In practice, it is also important to choose the proper number of principal components. For data compression, we want to retain as much variation in the original data while reducing the dimension. Luckily, with SVD, we can get a estimate of the retained variation by:

$$\%\ of\ variance\ retained = \frac{\sum_{i=1}^{p}S_{ii}}{\sum_{i=1}^{n}S_{ii}}$$

Where $S_{ii}$ is the $ith$ diagonal element of the $\Sigma$ matrix, $p$ is the number of reduced dimension, and $n$ is the dimension of the original data.

For data visulization purposes, we usually choose 2 or 3 dimensions to plot the compressed data.

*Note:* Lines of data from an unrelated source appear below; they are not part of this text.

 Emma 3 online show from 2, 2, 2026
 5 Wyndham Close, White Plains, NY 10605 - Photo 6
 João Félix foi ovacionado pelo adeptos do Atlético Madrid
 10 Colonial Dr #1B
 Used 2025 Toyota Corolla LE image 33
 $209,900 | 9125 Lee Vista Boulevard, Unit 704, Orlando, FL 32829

The following class PCA() implements the idea of principal component analysis.


In [1]:
import numpy as np

class PCA():

    def __init__(self, num_components):

        self.num_components = num_components
        self.U = None
        self.S = None

    def fit(self, X):

        # perform pca
        m = X.shape[0]
        X_mean = np.mean(X, axis=0)
        X -= X_mean
        cov = X.T.dot(X) * 1.0 / m
        self.U, self.S, _ = np.linalg.svd(cov)

        return self

    def project(self, X):

        # project data based on reduced dimension
        U_reduce = self.U[:, :self.num_components]
        X_reduce =  X.dot(U_reduce)

        return X_reduce

    def inverse(self, X_reduce):

        # recover the original data based on the reduced form
        U_reduce = self.U[:, :self.num_components]
        X = X_reduce.dot(U_reduce.T)

        return X

    def explained_variance(self):

        # print the ratio of explained variance with the pca
        explained = np.sum(self.S[:self.num_components])
        total = np.sum(self.S)

        return explained * 1.0 / total

Now we can use a demo data set to show dimensionality reduction and data visualization.

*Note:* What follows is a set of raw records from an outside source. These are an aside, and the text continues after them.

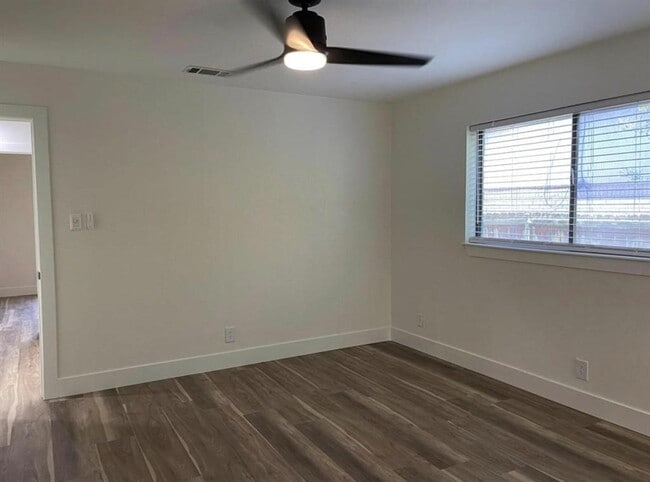 Building Photo - 909 Cripple Creek Dr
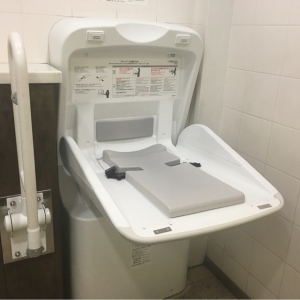 JR巣鴨駅 改札内(1F)のオムツ替え台情報 画像2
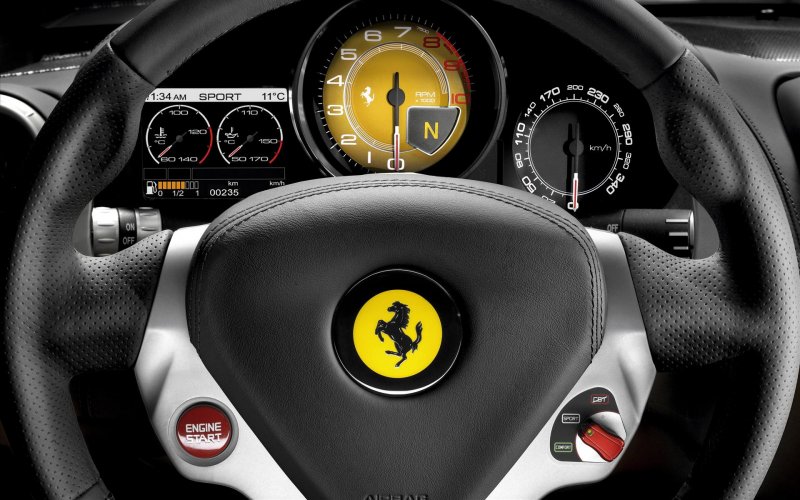За рулем Ferrari ночью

We will use the Iris Data set as always.


In [2]:
from sklearn.datasets import load_iris
iris = load_iris()

X = iris['data']
y = iris['target']

print X.shape


(150L, 4L)

We can find that the dimension of the original $X$ matrix is 4. We can then compress it to 2 using PCA technique with the PCA() class that we defined above.


In [3]:
pca = PCA(num_components=2)
pca.fit(X)

X_reduce = pca.project(X)
print X_reduce.shape


(150L, 2L)

Now that the data has been compressed, we can check the ratianed variance.


In [4]:
print "{:.2%}".format(pca.explained_variance())


97.76%

We have 97.76% of variance retained. This is okay for data visulization purposes. But if we used PCA in supervised learning pipelines, we might want to add more dimension to keep more than 99% of the variation from the original data.

Finally, with the compressed dimension, we can plot to see the distribution of iris dataset.


In [5]:
%pylab inline
pylab.rcParams['figure.figsize'] = (10, 6)

from matplotlib import pyplot as plt

for c, marker, class_num in zip(['green', 'r', 'cyan'], ['o', '^', 's'], np.unique(y)):

    plt.scatter(x=X_reduce[:, 0][y == class_num], y=X_reduce[:, 1][y == class_num], c=c, marker=marker,
                label="Class {}".format(class_num), alpha=0.7, s=30)


plt.xlabel("Component 1")
plt.ylabel("Component 2")
plt.legend()

plt.show()


Populating the interactive namespace from numpy and matplotlib

From the above example, we can see that PCA can help us visualize data with more than 3 feature dimensions. The general use of PCA is for dimensionality reductions in Machine Learning Pipelines. It can speed up the learning process and save memory when running supervised and unsupervised algorithms on large dataset. However, it also throws away some information when reducing the feature dimension. Thus it is always beneficial to test whether using PCA on top of something else since it's pretty easy to set up.